Commentary

How Bec Rawlings is becoming the Ronda Rousey of bareknuckle boxing

Updated: May 21, 2019, 9:20 AM ET
By Niall Seewang

Chris Hyde/Getty ImagesThe tools of Bec Rawlings' trade - her hands.

It's early February in Cancun, Mexico. Aussie Bec Rawlings takes a brutal, bare knuckled overhand right to her mouth during her 125-pound title fight against hometown favourite Cecilia Flores. Undaunted, Rawlings spits out a tooth and fights on. She defeats Flores by unanimous decision to retain her Bare Knuckle FC women's title, upping her record to 3-0 and defending her featherweight Police Gazette Bare Knuckle Diamond Championship belt.

"I mean, she got her tooth knocked out, choked on it and kept fighting ... what more can you ask for?" says Bare Knuckle FC president David Feldman.

And all the while Rawlings knows what she asks of herself. Why does any prize fighter...fight?
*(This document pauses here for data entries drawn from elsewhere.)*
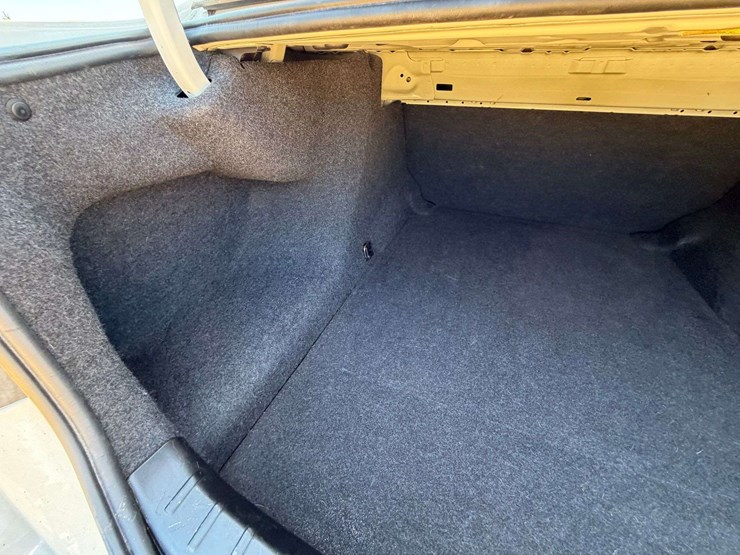 2011-bmw-528i-4-door-sedan-(178,025-miles)-image-16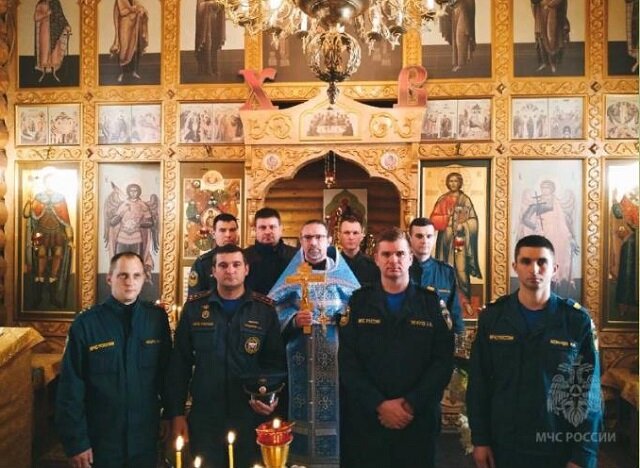    Ивановские сотрудники МЧС приняли участие в богослужении в честь иконы «Неопалимая купина»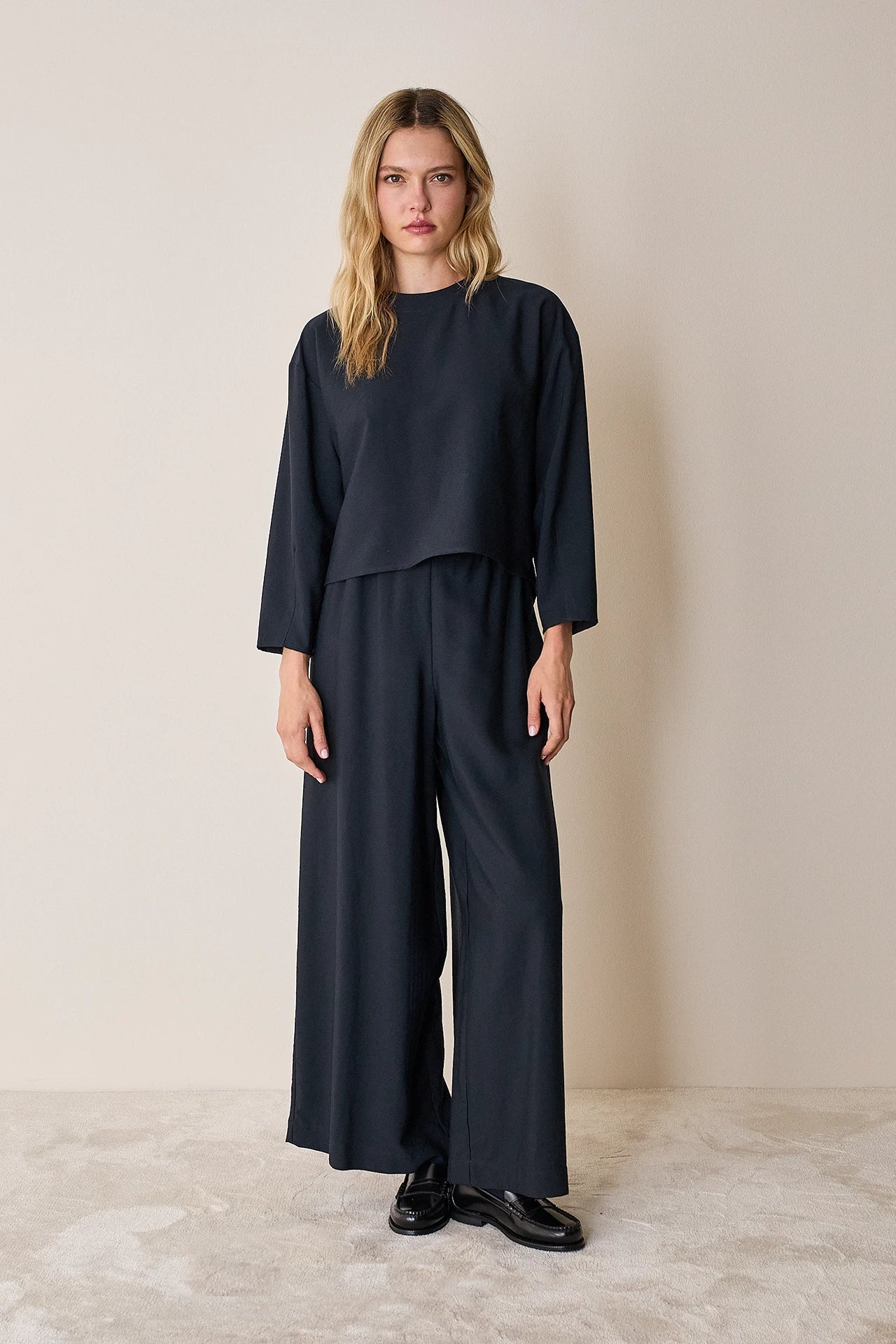 Fluid pants with elastic waistband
And bare knuckled no less.

"The more wins I get, the more prominent I'll become and then I can get the big bucks," Rawlings tells ESPN.
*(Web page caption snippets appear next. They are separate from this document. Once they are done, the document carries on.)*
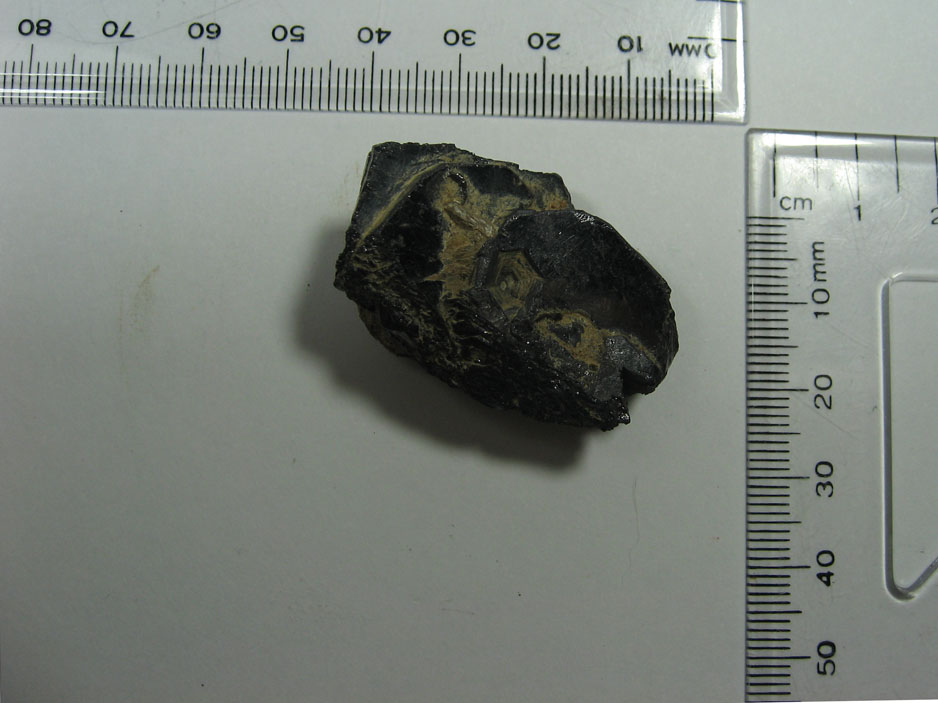 This is a measurement sample of Tantalite, from Poland, which can be found on the MIROFOSS database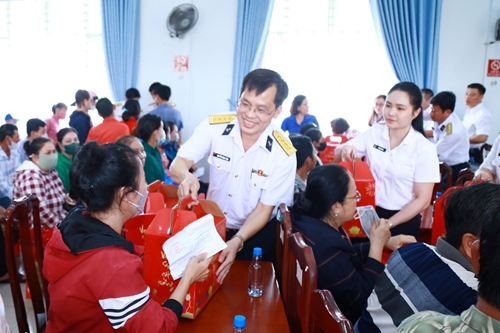 Tân cảng Sài Gòn chăm lo tết cho người nghèo tại TP Thủ Đức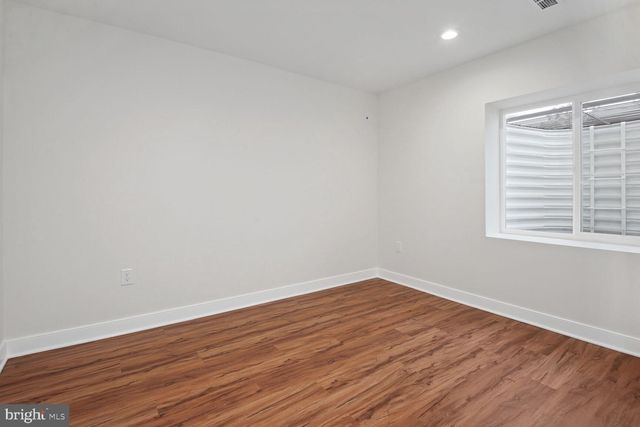 25495 WOODBINE FARM DR, Chantilly, VA 20152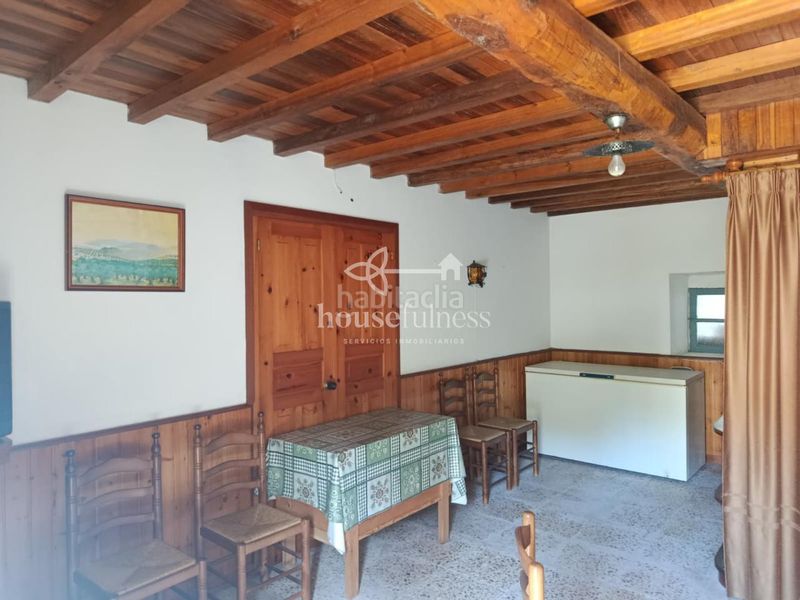 Foto 34692a24-a54f-4bb0-9e8a-828c2463fe24. Casa amb aparcament a Moeche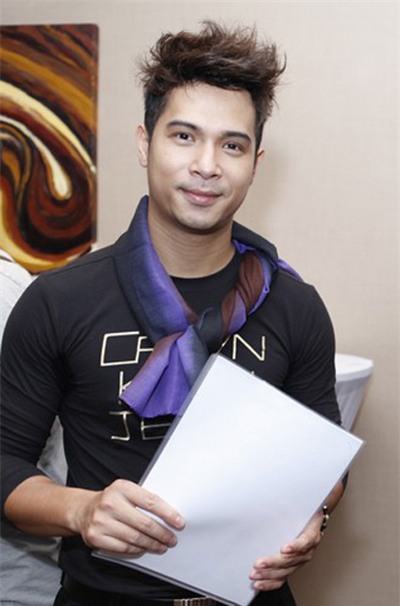 Giải thưởng giành cho ngôi vị cao nhất là 150 triệu đồng cùng một cặp điện thoại của nhà tài trợ.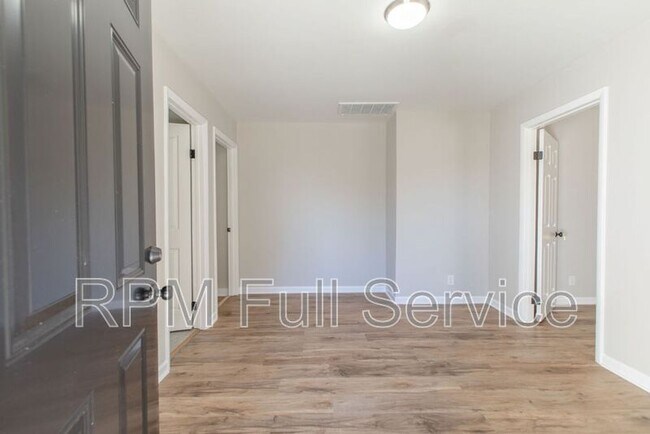 Building Photo - 1002 N Maple St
In the sport of bareknuckle boxing, where the audience displays a spectrum of judgement and emotion ranging from disdain to morbid curiosity to outright bloodlust, Rawlings is determined to wring the sport of what she needs in order to survive. As a single mother of two who has experienced physical and mental abuse, she says she is a survivor.

"I'd like to take over everything," Rawlings says. "I'd like to be the queen [of Australian fighting]."

It should come as no surprise that Rawlings kept fighting that night. She says she has had to fight for everything most of her life. Growing up as the youngest of four children in the Tasmanian city of Launceston, Rawlings was a self-admitted "angry wild little kid who was looking for trouble everywhere."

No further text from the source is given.